Tuesday, April 15, 2014

it has been said by one pundit that: 

"HE IS THE STANDARD PAR-FOR-THE-COURSE INSANE RACIST... 
WHO IS FILLED WITH BIZARRE RIGHT-WING FANTASY."  Our pundit was, of course, speaking about one of those upper-middle-aged-white guys you see being interviewed on the Fox News Network, with their stone-cold faces and ice-cold eyes, who fill us with the fearful visions and apocalyptic solutions of the newly-minted and somewhat stained Tea Party; are always desperate for a new enemy; and, as usual, it is other Americans who happen to be of a different color than they happen to be  or want to alter their views on how the world actually works. 


  So allow me to begin by saying that he man mentioned by our pundit has determined, all evidence to the contrary, that there are terrorist organizations - who are somewhere, somehow -  concocting schemes to send their pregnant   Black Widows to our American shores, spawning natural-born terrorist who will then use their U.S. Citizenship Cards to house and coddle and raise their terror babies and somewhere down the road about 20 or 30 years from now, begin to destroy the American way of life.  But that's not all: He then goes on to say that Jesus hates taxes and that gun control will lead to bestiality and that Barack Obama wants to Muslimize America because he hates us.  This accomplished idiot is, of course, from Texas and follows the Texas' long and well-deserved reputation of electing eminently stupid people to Federal office.  
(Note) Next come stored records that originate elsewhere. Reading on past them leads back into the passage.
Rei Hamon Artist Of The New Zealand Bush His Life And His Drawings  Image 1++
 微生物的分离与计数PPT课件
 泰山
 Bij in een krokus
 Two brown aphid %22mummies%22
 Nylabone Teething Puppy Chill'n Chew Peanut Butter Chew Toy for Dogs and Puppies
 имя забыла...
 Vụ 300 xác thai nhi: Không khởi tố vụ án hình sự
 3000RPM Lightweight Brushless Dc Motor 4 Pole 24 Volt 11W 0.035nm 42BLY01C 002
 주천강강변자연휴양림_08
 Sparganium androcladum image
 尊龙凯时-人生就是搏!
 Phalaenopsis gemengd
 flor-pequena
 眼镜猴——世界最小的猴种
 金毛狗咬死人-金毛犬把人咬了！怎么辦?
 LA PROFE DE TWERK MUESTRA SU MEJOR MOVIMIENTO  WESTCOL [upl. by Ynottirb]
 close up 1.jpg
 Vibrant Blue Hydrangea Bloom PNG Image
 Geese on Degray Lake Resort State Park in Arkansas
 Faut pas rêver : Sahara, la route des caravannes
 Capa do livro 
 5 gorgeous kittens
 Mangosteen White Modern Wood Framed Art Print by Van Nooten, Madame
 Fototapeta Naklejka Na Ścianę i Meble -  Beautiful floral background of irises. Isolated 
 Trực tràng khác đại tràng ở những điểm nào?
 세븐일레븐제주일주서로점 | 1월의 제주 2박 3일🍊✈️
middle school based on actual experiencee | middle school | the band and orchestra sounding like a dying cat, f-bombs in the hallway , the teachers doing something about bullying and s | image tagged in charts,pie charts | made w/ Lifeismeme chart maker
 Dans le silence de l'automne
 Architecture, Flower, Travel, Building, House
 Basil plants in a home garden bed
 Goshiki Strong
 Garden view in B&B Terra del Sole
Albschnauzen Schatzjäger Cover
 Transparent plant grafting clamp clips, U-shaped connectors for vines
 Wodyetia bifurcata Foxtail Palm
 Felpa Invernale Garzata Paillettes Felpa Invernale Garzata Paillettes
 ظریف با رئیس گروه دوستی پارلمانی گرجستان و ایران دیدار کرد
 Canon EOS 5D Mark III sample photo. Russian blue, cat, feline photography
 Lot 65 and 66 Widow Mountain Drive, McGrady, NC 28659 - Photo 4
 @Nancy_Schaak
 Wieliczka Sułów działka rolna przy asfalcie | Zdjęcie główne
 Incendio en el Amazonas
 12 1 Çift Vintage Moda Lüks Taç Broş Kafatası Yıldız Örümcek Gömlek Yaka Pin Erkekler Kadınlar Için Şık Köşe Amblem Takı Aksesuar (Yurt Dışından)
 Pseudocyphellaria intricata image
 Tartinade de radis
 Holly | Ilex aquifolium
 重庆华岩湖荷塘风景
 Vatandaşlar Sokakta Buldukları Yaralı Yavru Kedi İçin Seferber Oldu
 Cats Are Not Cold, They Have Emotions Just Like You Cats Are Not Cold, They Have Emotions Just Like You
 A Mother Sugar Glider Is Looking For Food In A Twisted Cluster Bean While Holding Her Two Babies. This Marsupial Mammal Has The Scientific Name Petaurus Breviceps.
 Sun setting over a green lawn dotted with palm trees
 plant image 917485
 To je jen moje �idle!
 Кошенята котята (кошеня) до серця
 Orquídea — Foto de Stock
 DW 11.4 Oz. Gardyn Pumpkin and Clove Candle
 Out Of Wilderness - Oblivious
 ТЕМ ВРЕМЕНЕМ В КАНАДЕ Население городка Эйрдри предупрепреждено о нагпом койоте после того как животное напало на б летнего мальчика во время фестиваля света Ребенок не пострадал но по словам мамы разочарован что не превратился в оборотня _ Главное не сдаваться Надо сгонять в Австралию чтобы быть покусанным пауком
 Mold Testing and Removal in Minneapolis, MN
  His name is Louis Buller "Louie" Gohmert, Jr. and "Lunatic Louie" just happens to be the United States Representative from Texas's 1st Congressional District since 2005.  He was born in Pittsburg, Texas and received his Juris Doctorate from Texas A&M which is located in the appropriately named city of "Waco."  Now age 60 and never one to let his fanatical fans down, he once gained fame as the least funny reenactment ever of an SNL sketch by playing both Tina Fey as Sarah Palin and Amy Poehler as Hillary Clinton, which caused one commentator to say, "He's a racist moron whom a civilized nation should consider institutionalizing for our own safety." 

  Gohmert is a born-and-bred Southern Baptist who believes that if the republic is to be saved, the enemy must be cast into eternal darkness, which is why he stood firm with the  Mississipi bigots following the passage of a state-sanctioned LGBT discrimination bill by saying, "You've seen it first hand, there is nobody more intolerant in this country than those that are screaming for tolerance.  Christians are not intolerant but whoa, goodness these people have their leftish agenda which is intolerant and I thank you for the courage to stand up." 

  "Loony Louie" dismisses all who stand against his views, firm in his belief that he has discovered the truth.  His common enemy is that vague concept: leftist.  Therefore, he has the right to use any illogical fact to say whatever he chooses to say knowing that the mutton-headed nincompoops in his audience who are listening to what he has to say will accept it as the gospel truth.  He doesn't need proof, or sourcing, or the ability to back up a claim other than the vitriol in his voice and the consternation in his gut.  All he needs is a microphone and away we go.

   Here's another example of Louie's style: Back in 2012 in the 112th Congress, the least-popular and least-effective in history, Louie wanted to excise the word "lunatic" from federal law because no one believes the moon makes people crazy anymore, and the word insults those with mental illness.  He said that he seemed to be the only one in Washington who defends lunatics.  Which proves the old adage "It takes one to know one." 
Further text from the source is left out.